After five days of political crisis, the saga of a Roma schoolgirl deported from France exploded in the face of President François Hollande today.
Mr Hollande tried to defuse the row by offering to allow Leonarda Dibrani, 15, who was detained during a school bus trip 10 days ago, to resume her studies in France alone.
His compromise, which was dismissed by all sides, deepened a crisis which has exposed cabinet rifts on migration policy and crystallised the frustration of young people with the Socialist-led government.
During a solemn, national TV address entirely devoted to the affair on Saturday, the President said that Leonarda could return – but without her parents and her four siblings.
The deportation of Leonarda and her family had been legal, Mr Hollande said, but officials in eastern France had acted clumsily in removing the girl from a bus in front of her schoolmates. In future, new rules would forbid the detention of the children of illegal immigrants during school activities.
Leonarda listened to the President’s speech on a French journalist’s phone in Kosovo. Live on television, she dismissed the offer as “heartless”. “I am not going back to France alone,” she said. “I will not abandon my family.” Her father, Resat Dibrani, 43, who has admitted lying to French authorities about his family’s birthplace, said Mr Hollande had made a “shit” decision.
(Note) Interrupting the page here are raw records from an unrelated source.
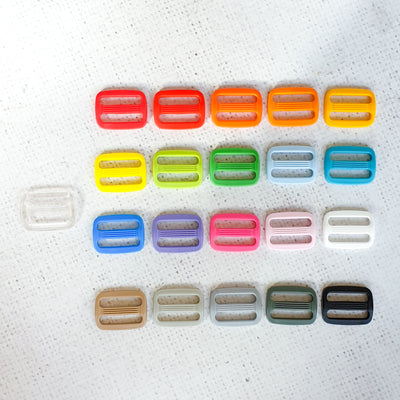 Assorted colourful plastic buckles on a textured white background. KAM Plastic Slider 25mm – Durable adjustable slider suitable for 25mm (1") straps, perfect for bag making, rucksacks, belts, and pet accessories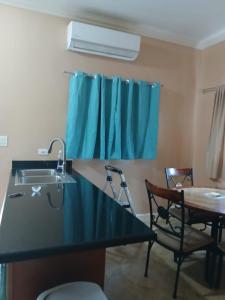 a room with a sink and a table and a chair at ToniqueluxeGuesthouse in Montego Bay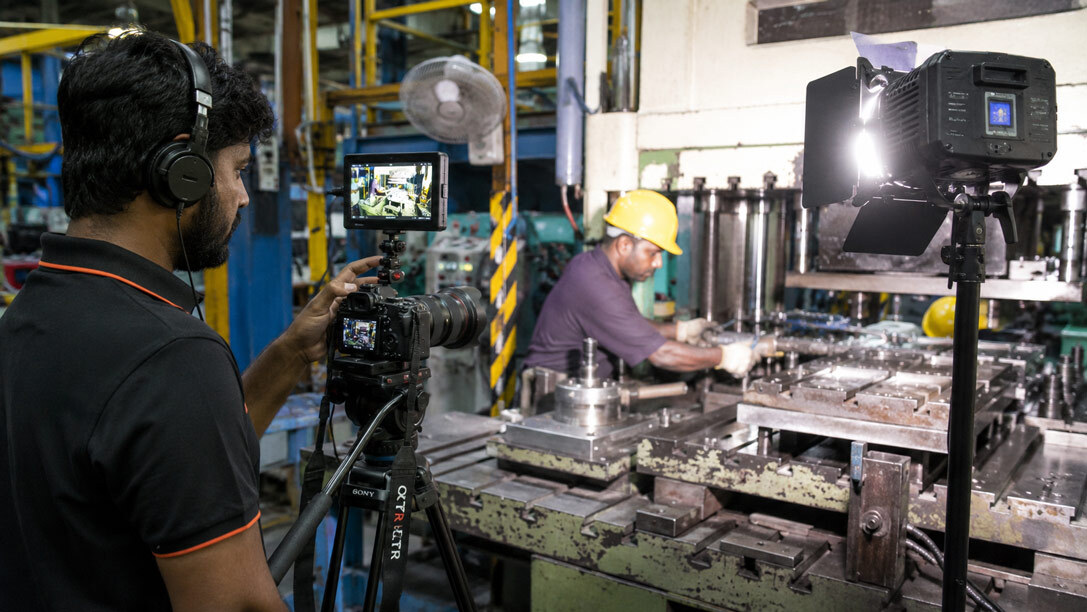 Professional video production crew filming a manufacturing process on a factory floor with cinema camera and lighting for industrial photography & videography
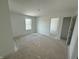 A clean, bright bedroom with ample natural light and a view into the next room at 24517 Wallace St, Sheridan, IN 46069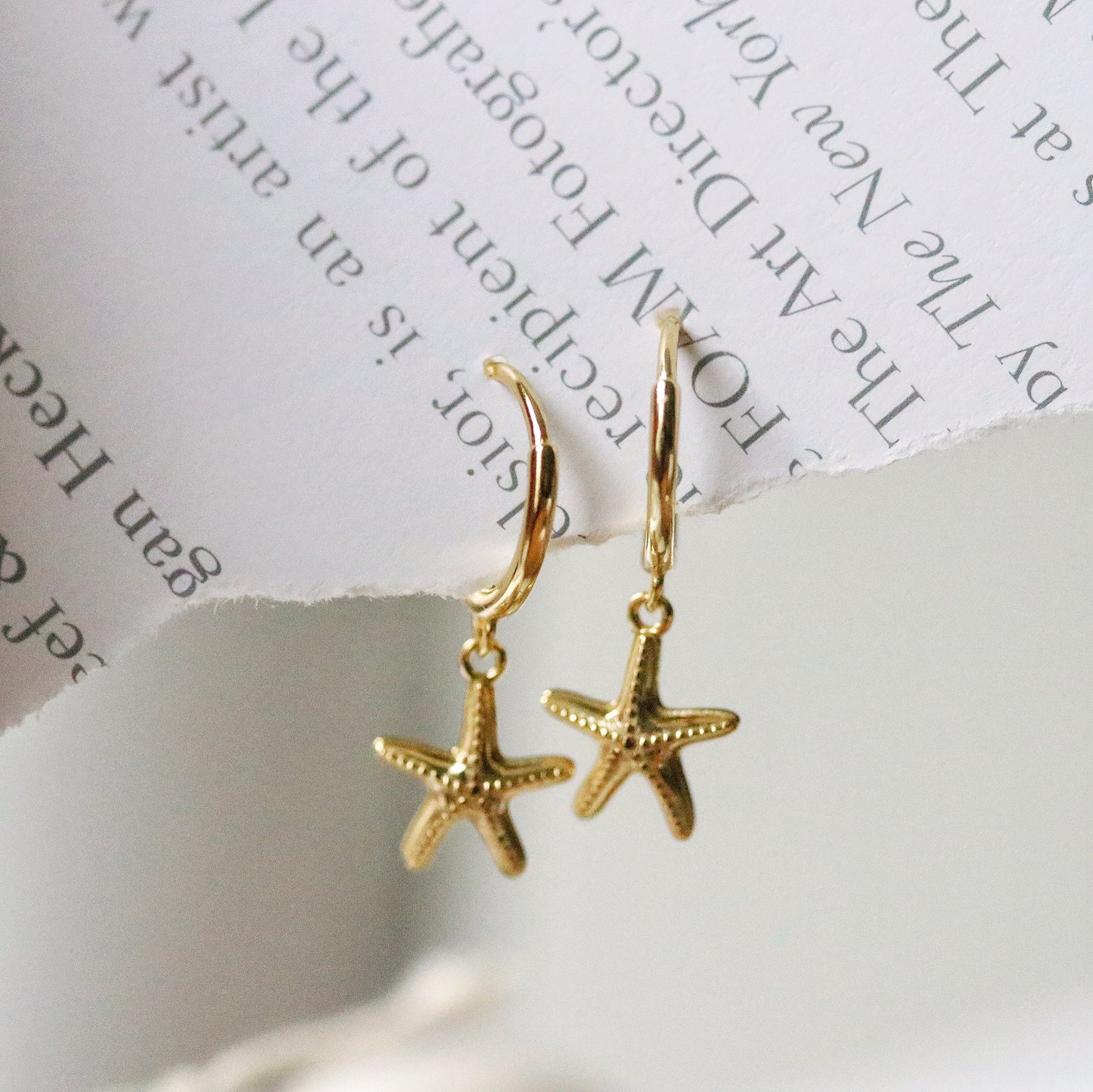 Sterling Silver/Gold Vermeil Starfish Dangle Hoop Earrings featuring a delicate starfish charm hanging from a sleek hoop, available in sterling silver or gold vermeil. These elegant earrings capture the essence of the ocean and add a unique touch to your look. Perfect for beach lovers, these starfish hanging huggies are versatile for both casual and formal occasions.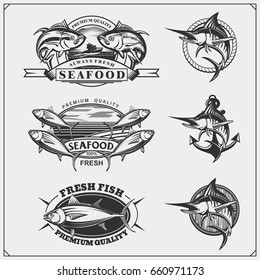 Fishing labels, badges, emblems and design elements. Illustrations of Tuna and Marlin.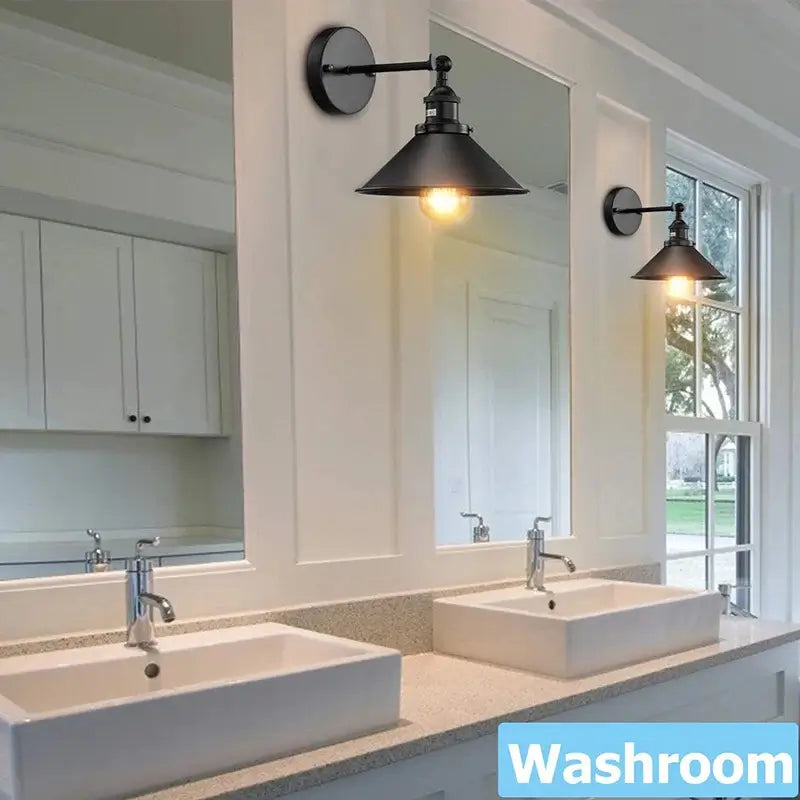 Industrial wall sconce lighting in a washroom, providing a stylish and rustic accent for a sink vanity.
Polls suggest more than 70 per cent of French people have no problem with Leonarda’s deportation. Lycee students in Paris and other cities disagree. Last week, they blocked schools and marched in the streets in protest.
President Hollande had stayed silent on the affair for the three days before his brief – but extraordinary – TV address from the Elysée Palace on Saturday. He offered Leonarda the right to return alone to her school in the Doubs department near the Swiss border. He said that the French government would organise – and implicitly pay for – a host family.
It emerged later that Mr Hollande had been obliged to frame this compromise to end a slanging match on Saturday between his Prime Minister, Jean-Marc Ayrault, and the hardline interior minister, Manuel Valls.
Mr Ayrault wanted the whole family to return. Mr Valls originally wanted none of them to come back.
The interior minister angered left-wingers last month when he said few of the 20,000 Roma gypsies from eastern Europe had a “capacity” to integrate into French life. Their “destiny”, he said, was to “go home”. His comments partly explain why the “affaire Leonarda” has become such a big issue.
In an interview with a French newspaper today, he was unrepentant.
“Nothing will make me deviate from my path,” he said. “The law must be applied and this family (Leonarda apart) must not come back to France.”